**What is expected:**
Every line in the listing below from the one with "Amberpaws Whimsy –" through the one with "online shopping logistic" is to be reproduced exactly, both ends included; leave out the rest.
··· Study material ···
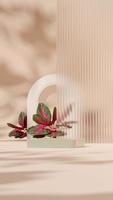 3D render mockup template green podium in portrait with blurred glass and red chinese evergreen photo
···
··· Study material ···
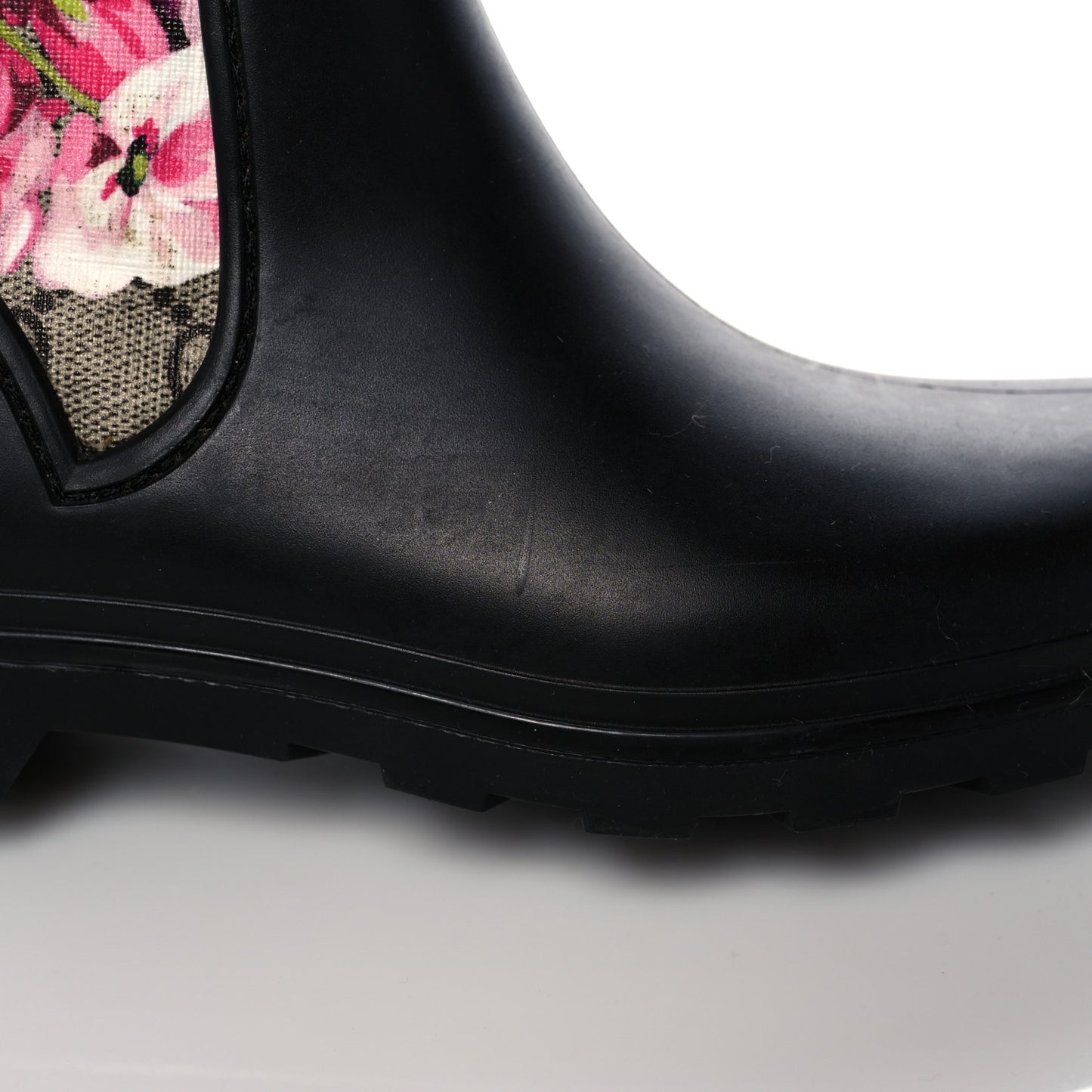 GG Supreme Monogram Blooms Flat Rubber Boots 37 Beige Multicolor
···
··· Study material ···
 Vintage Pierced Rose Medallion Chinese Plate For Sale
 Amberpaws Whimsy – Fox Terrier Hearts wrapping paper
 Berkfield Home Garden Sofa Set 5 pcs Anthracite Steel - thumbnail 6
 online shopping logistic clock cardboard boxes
···
**Written solution:**
 Amberpaws Whimsy – Fox Terrier Hearts wrapping paper
 Berkfield Home Garden Sofa Set 5 pcs Anthracite Steel - thumbnail 6
 online shopping logistic clock cardboard boxes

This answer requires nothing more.